Dry time was average. On the slow-drying and non-absorbent Rhodia paper, it took 5 seconds to dry to the touch. On the absorbent and typically fast-drying Ecosystem paper, it took slightly longer, at 6 to 8 seconds. I’ve seen this behavior with occasional inks, and it always startles me. Feathering was atypically low for J Herbin inks on both papers, which is nice to see.
Water resistance was generally low. In the smear test, in which I run a wet finger across the page, the red-brown dyes ran easily, creating a lovely smudge on the page. The drip test, in which I let several drops of water soak into the page for a minute before blotting them up, pulled the red-brown dye right off the paper, leaving a ghostly grey line behind.
The results of the soak test, in which I run the paper under a stream of water for thirty seconds, were better than I anticipated.
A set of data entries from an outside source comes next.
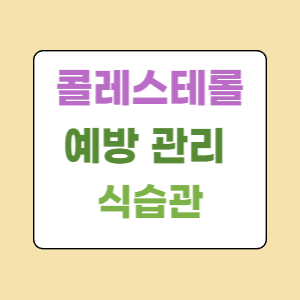 콜레스테롤-예방-관리-식습관
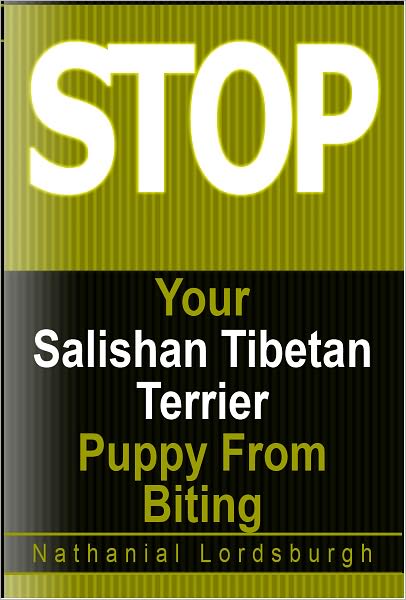 Keep Your Salishan Tibetan Terrier From Biting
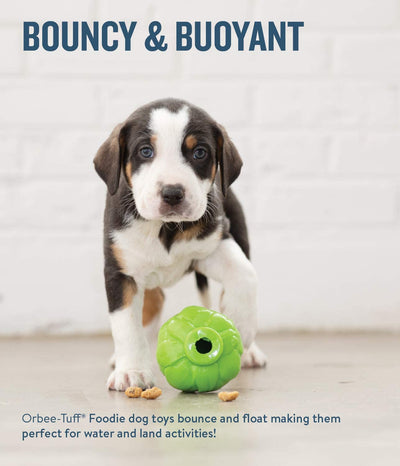 Planet Dog - Orbee tuff Artichoke Treat Dispensing Chew Toy
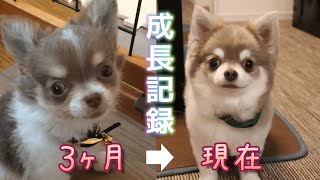 White Isabella Chihuahua Sasuke's growth record from puppy to 8 years old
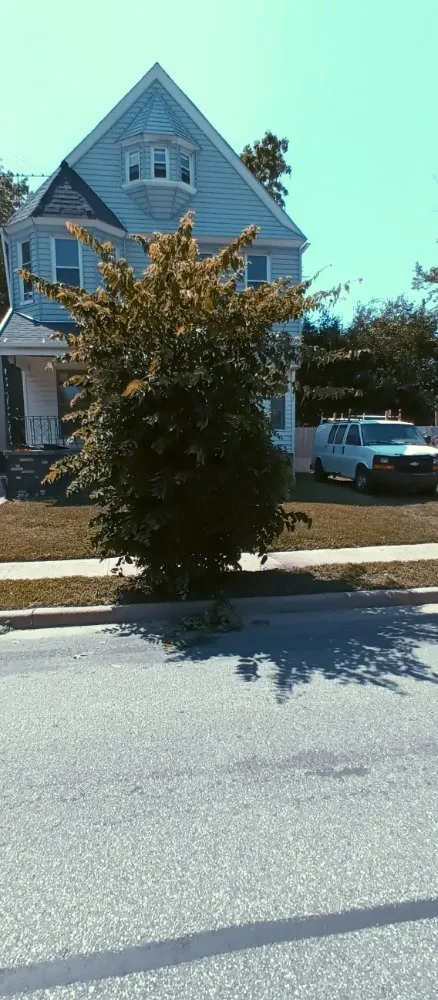 Local lawn care service for outdoor upgrades in Cleveland, OH by Nappier and Sons Lawncare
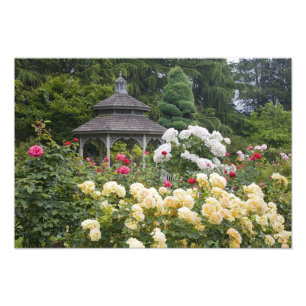 Impression Photo Roses en fleurs et roseraie du belvédère à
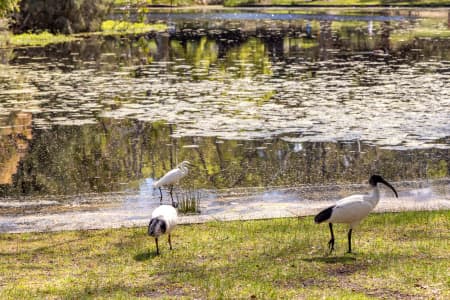 Aerial Image of PERTH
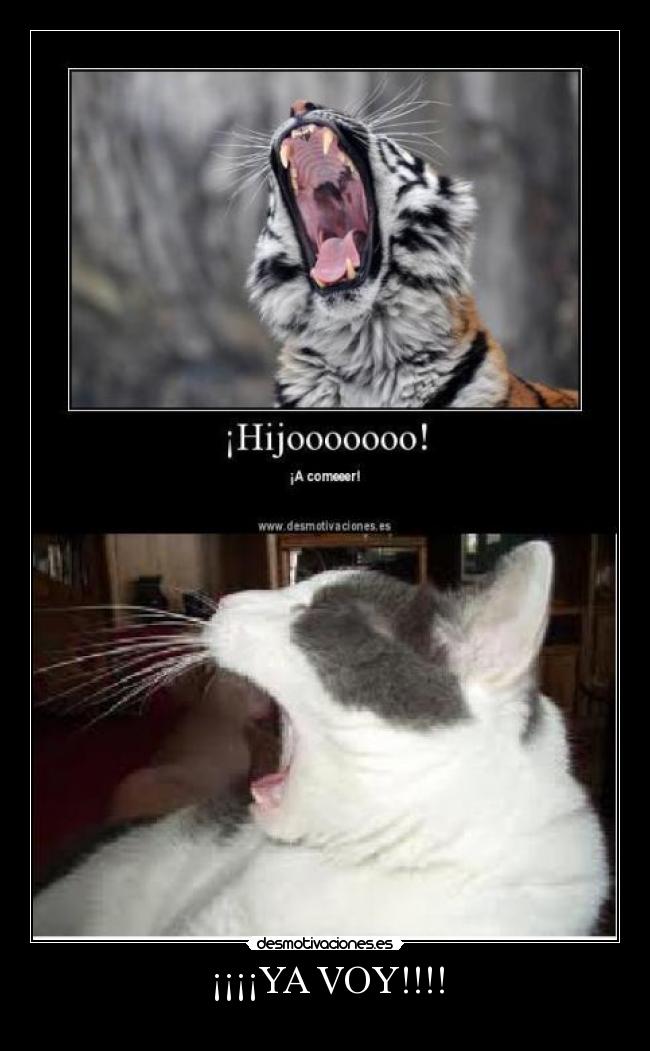 ¡¡¡¡YA VOY!!!! -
While the red-brown dye washed off almost immediately, it left behind a light grey line that is similar to a pencil line. As a result, a catastrophic encounter with water might not completely obliterate one’s work. However, I wouldn’t use Terre de Feu with anything I intended to resist the elements, like the outside of an envelope.
J. Herbin fountain pen inks come in a 30ml bottle with an integrated pen rest that is suitable for displaying on top of one’s desk.
Brown inks are a versatile lot. It is a relatively conservative color, so one could quite likely use it for business purposes. It reads easily on white and off-white paper, and therefore works well for journaling or personal correspondence. This ink, in particular, is lovely for calligraphy and other artistic endeavors, with a rich, earthy character hiding under its surface.
I like J Herbin Terre de Feu more than Café des Isles. It is a versatile ink that walks the line between conservative and bold, and the red undertones are evocative and lovely. While the water resistance is low, it is otherwise a delightful ink to use, and, for those that like brown ink, is a worthwhile addition to your collection.
Review materials: For the wide strokes, I used a Lamy 1.1mm steel calligraphy nib in a Lamy Safari. For the narrow strokes, I used an EF steel nib in a Lamy Safari. The paper is Rhodia 80gsm from a No. 16 Bloc Pad.